Make sure he stays on a low fat diet across the board. He's not going to be able to process fats as he once did, and it may take some time for his system to re-adjust.
Thank you!
Truthfully, I am really hoping it was an after-effect of the radiation because almost all the other possibilities look overwhelming. Hopeful, too, because pancreatic enzmyes continue to be normal.
The most interesting part of this is that an ER doc recommended this procedure BEFORE the surgery was on the board. But gastro (#2) declined, saying it's "too dangerous" and referred to the surgeon. Post-op, with the surgeon recommending it too, gastro(#2) provided a referral to gastro(#3) but with the caveat "no rush." Of course hub (in constant pain) disagrees so gastro#3 appt is next week.
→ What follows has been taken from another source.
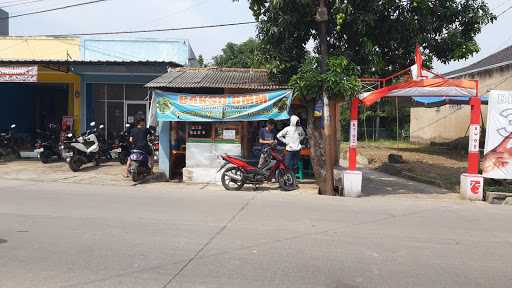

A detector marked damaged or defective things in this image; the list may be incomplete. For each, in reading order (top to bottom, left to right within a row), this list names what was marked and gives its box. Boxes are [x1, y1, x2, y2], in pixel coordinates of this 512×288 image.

rusty roof sheet [145, 67, 288, 89] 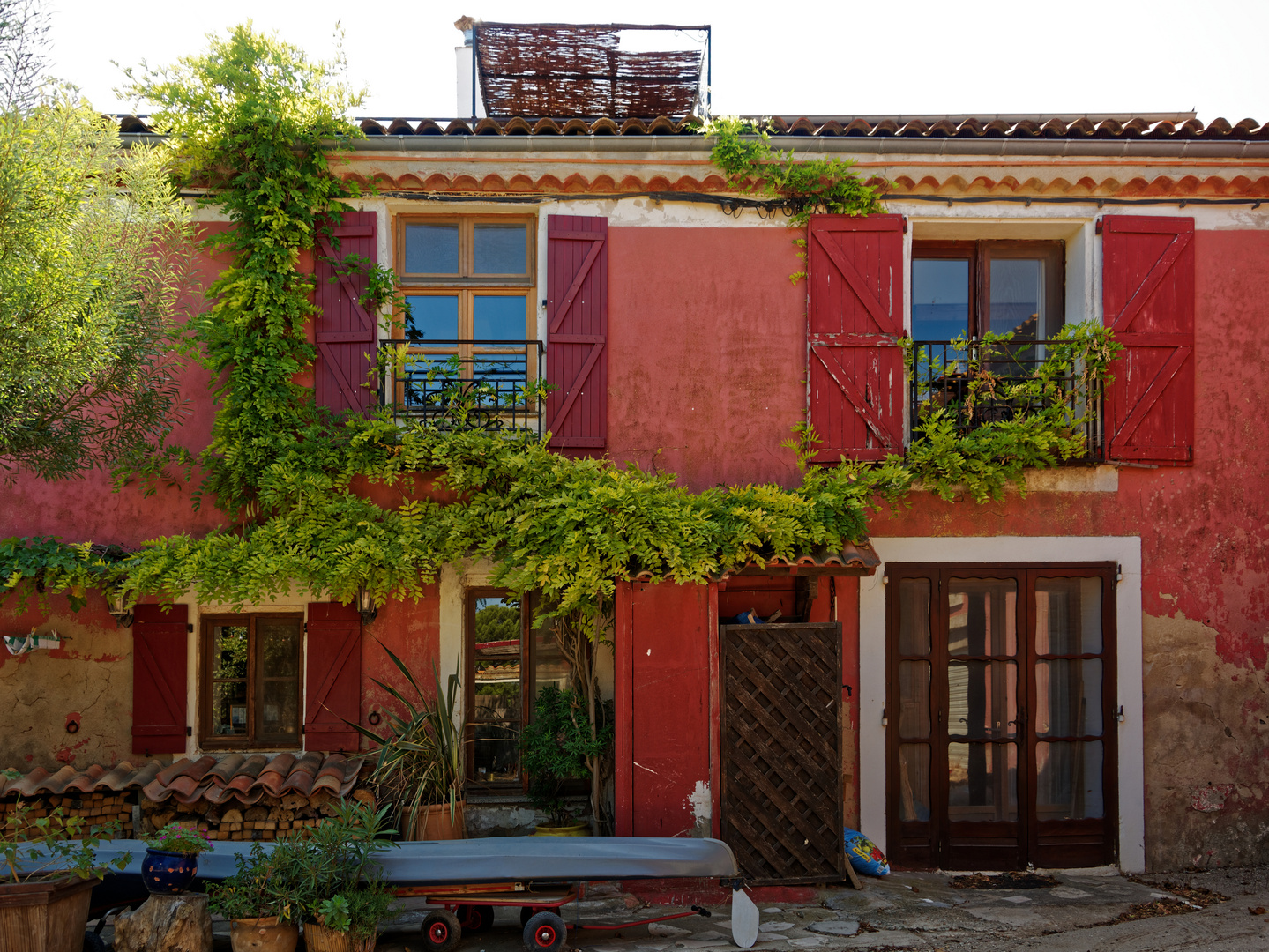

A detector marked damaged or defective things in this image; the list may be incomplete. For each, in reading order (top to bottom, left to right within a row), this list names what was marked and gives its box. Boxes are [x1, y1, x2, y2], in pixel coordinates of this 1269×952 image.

peeling plaster wall [0, 595, 135, 776] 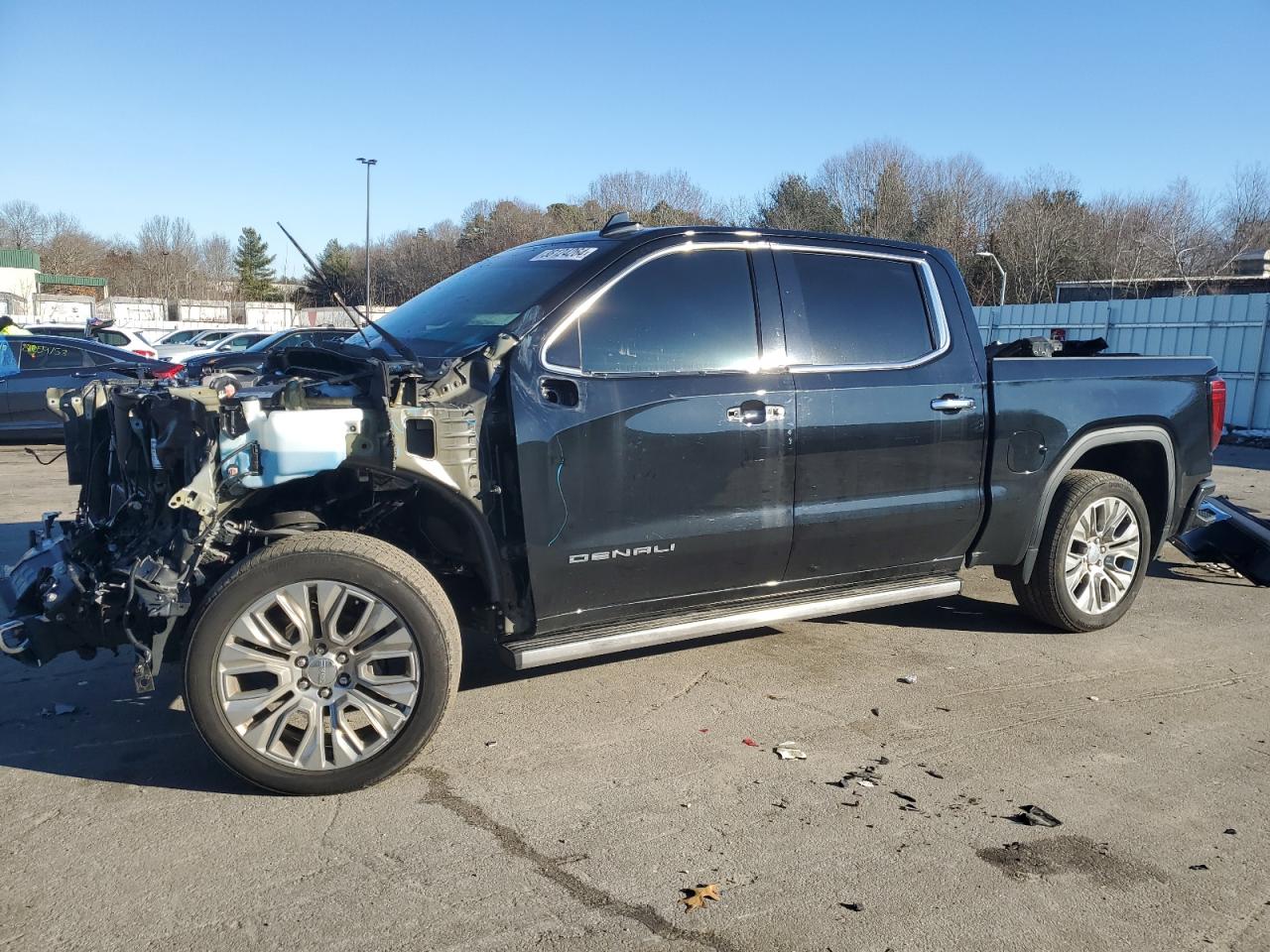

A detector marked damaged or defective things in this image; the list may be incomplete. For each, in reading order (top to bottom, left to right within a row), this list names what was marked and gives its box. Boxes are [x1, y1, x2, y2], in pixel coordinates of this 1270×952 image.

Note: When hub first presented with pain, gastro(#1) diagnosed GERD, doing an endoscopy/biopsy for Barrett's esophagaus. (Negative but some "possible displasia." Prescribed acid inhibitors -- pain unresponsive / gastro#1 unresponsive. Enter gastro(#2) who moved forward to investigate the Gallbladder. Now up to gastro#3 -- beginning to wonder how many gastros it will take to get this resolved.... (Sounds like a new card game or quiz show!) Insurance plan/employer must LOVE this....
It's possible that abdominal radiation could have caused CBD stricture.
MRCP would not do much to help unless all you want to do is further visualize whether or not the 'closure' was a focal spasm instead of a stricture. Nothing can be done to resolve the problem using MRCP.
During the ERCP they can measure pressures within the duct and at the sphinctery, if that is part of what they would like to accomplish. But the major aspect that I believe they may be attempting during the ERCP would be to balloon the portion of the duct that is narrowed. In addition, they'd be able to sweep the duct for any stray stones if they're present, and check to see if the entry to the pancreatic duct is clear.